OP- I wouldn't exclude very young babies from a wedding.

Bunbaker · 30/04/2015 09:52

"I just wanted to point out that sometimes the parents are not being too precious to leave their older children, sometimes they just can't"

Yes, I pointed that out earlier. It is always those with childcare on tap who make those assumptions.

JassyRadlett · 30/04/2015 09:53

I think the problem with 'we want you to let your hair down and have a lovely child-free time!' is that it really grates for those for whom organising day+night childcare is a total nightmare even if the wedding is local. Not everyone has family nearby who can/will babysit and asking friends to have a toddler for 12 hours plus is a big ask.
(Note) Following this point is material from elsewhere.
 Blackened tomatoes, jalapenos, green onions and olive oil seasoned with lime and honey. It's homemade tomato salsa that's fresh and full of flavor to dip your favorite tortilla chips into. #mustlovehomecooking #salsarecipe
I went to a no-kids wedding when DS was 9 months, luckily we were able to stay with a close friend and leave DS with her. He was a bit miserable, fine, but my only memory of the day was that I was in total fucking agony for hours as I was still breastfeeding and unsurprisingly hadn't put a breast pump in my evening clutch. I really regret going.

Since then we've gone to two child-free weddings - one when DS was 2, and we originally had a complicated 'one friend until teatime and another for the evening' arrangement until luckily my mum ended up visiting from abroad at that time. The second, DS was older and less clingy so I felt less bad about leaving him with friends.

For weddings that aren't local and don't invite kids, one or both of us don't go. DS + strange babysitter + hotel room is a recipe for disaster. That's fine, it's our problem not the hosts'. But it's not ok when they subsequently get arsey about it.